Ils savaient tous les deux que Sullivan ne reviendrait pas. « Oui, commandant.

— Parfait. Vous êtes un homme bien, Sullivan. Ce serait un honneur de vous avoir dans mon équipage. Bonne chance à terre.

— Bonne chance en l’air. » Ils se serrèrent la main. Celle de Southunder disparut dans la moufle de Sullivan. « Le monde entier aura les yeux fixés sur vous.

— J’espère bien. Bon, j’ai un vaisseau à diriger. Je dirai à Faye que vous êtes réveillé. » Le capitaine s’éloigna sans plus de manières.

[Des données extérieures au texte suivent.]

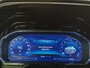 2025 Chevrolet Silverado 1500 RST-14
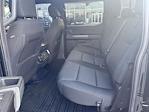 2021 Ford F-150 SuperCrew Cab 4WD Pickup for sale #12531 - photo 23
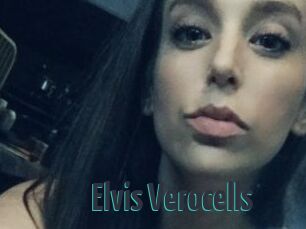 Elvis_Verocells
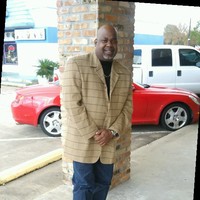 Guy Abney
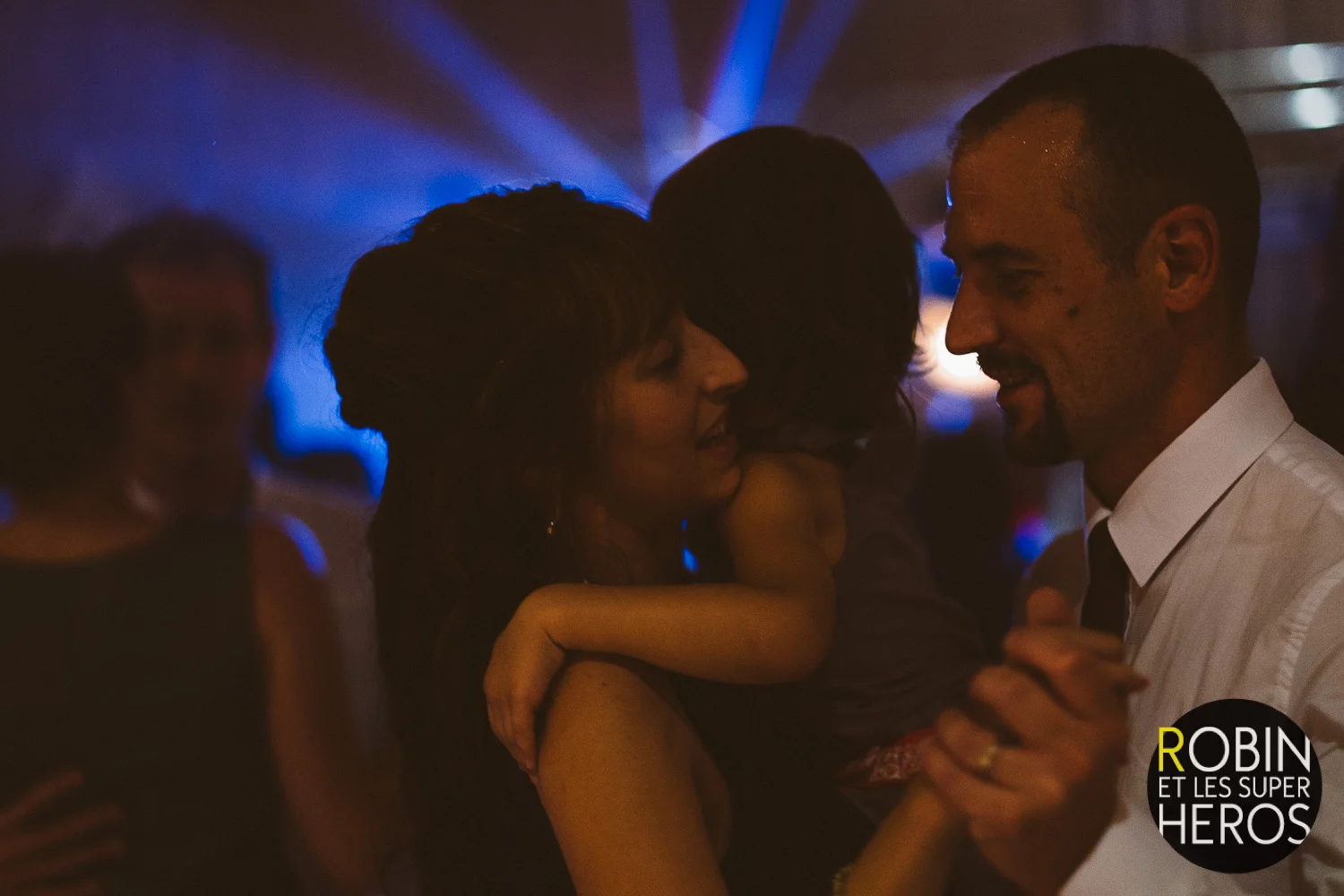 photographe_mariage_natacha_pierrick_puy_en_velay_510.jpg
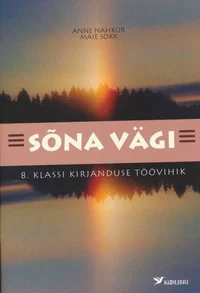 Sõna vägi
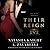 Their Reign (The Rite #3)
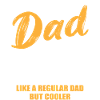 Papa gymnastique - Plus que cool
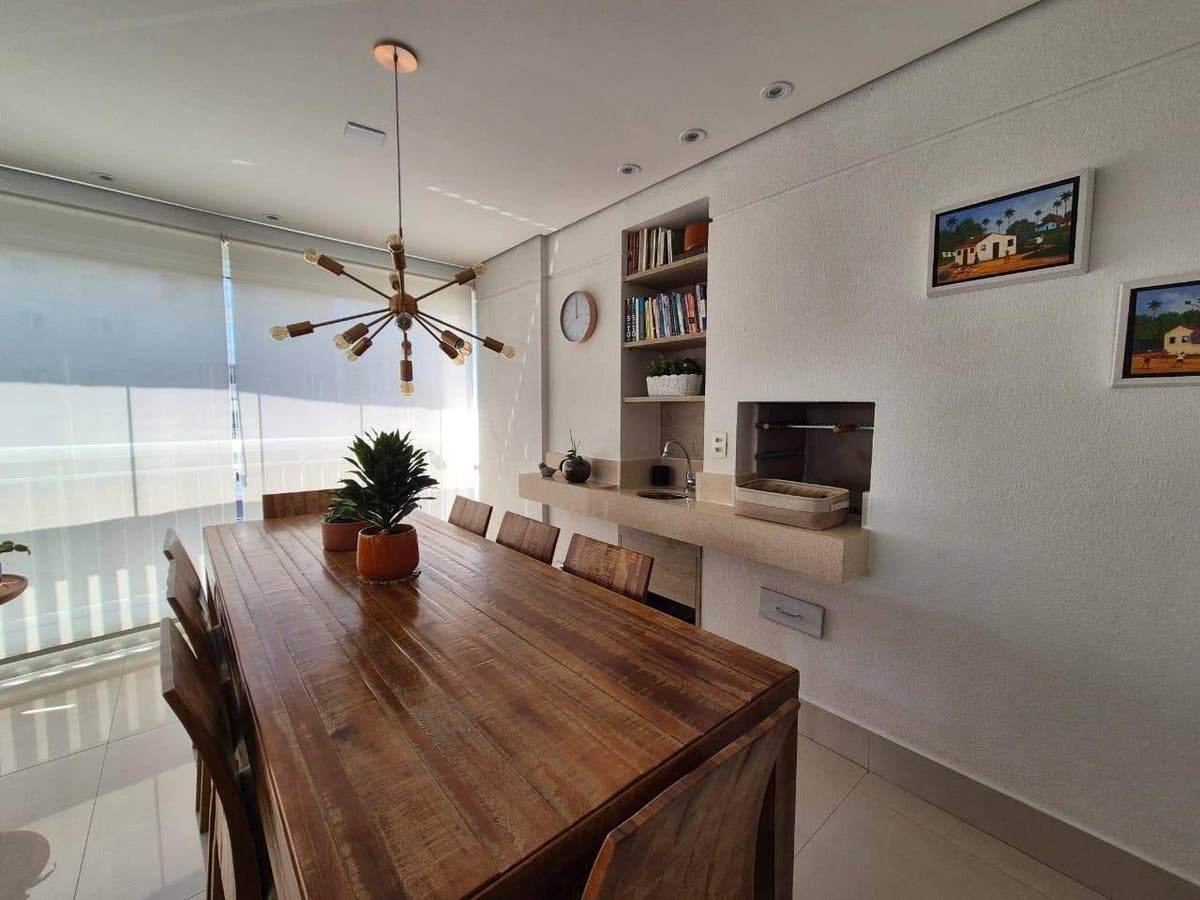 Apartamento de 165m² à Venda por R$ 2.750.000,00 - Vila Romana / São Paulo - Apartamento em Vila Romana, São Paulo - à venda - INGRÁCIA IMÓVEIS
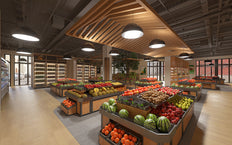 Philips CorePro Led A95 23W Hoge Lumen E27 Daglicht Lamp - 8719514346710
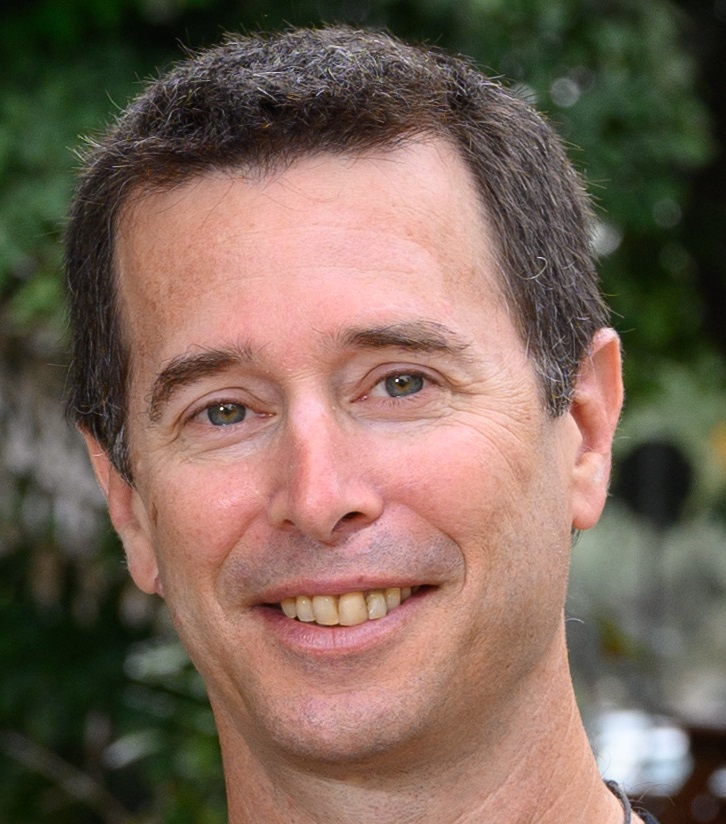 Rotem Sorek, Ph.D.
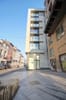 Photo 7 de 8 – Appartement à Ixelles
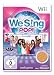 We Sing Pop! kaufen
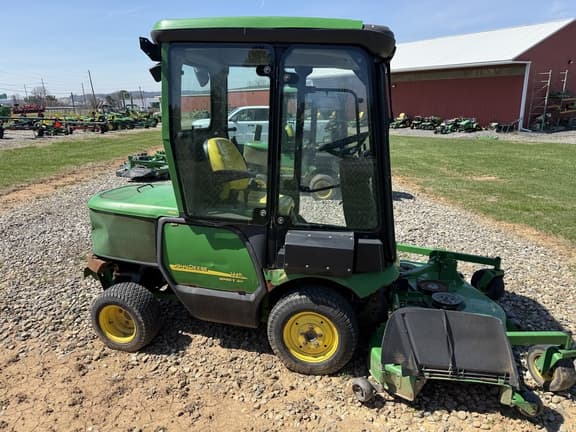 Image of John Deere 1445 Primary image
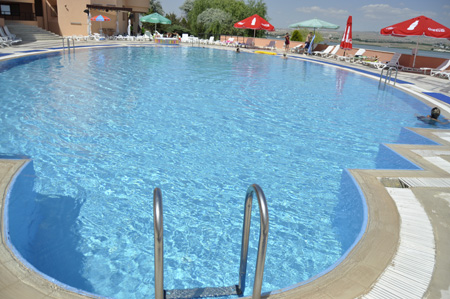 8.20120629183314.jpg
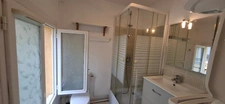 Appartement à vendre 2 pièces VERSAILLES (78)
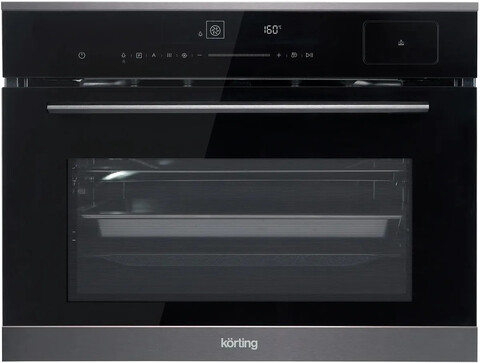 Korting OKB 3450 GNBX Steam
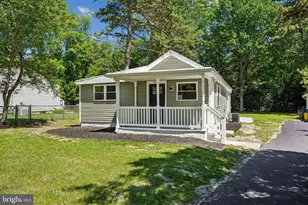 223 Cypress Ave, Lindenwold, NJ 08021 - Photo 17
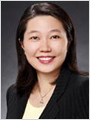 Ms Anita Leung Ms Anita Leung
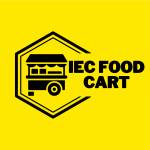 IEC Food Carts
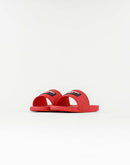 Polo Ralph Lauren Polo Sport Slides Grade-School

Sullivan continua à s’habiller. L’armure était beaucoup moins raffinée que celle de Toru – celle-là, il aurait aimé avoir le temps de l’étudier. La sienne s’inspirait des tenues portées par les Premiers Volontaires. Elle était faite de plaques superposées en acier trempé, qui protégeaient presque tout le corps des balles et du shrapnel ; en dessous, une épaisseur de toile ignifugée isolait des flammes lancées par les torches comme du froid des frigos. L’ensemble était peint en vert olive et beige, sans raison particulière, mais ça rappelait les couleurs des Premiers. Et ça pesait une tonne. Beaucoup mieux que le tas de rouille qu’il trimballait d’un bout à l’autre du no man’s land pendant la guerre. En outre, bien sûr, cette armure-ci, enchantée de pied en cap, portait tous les sortilèges que Browning avait pu y caser.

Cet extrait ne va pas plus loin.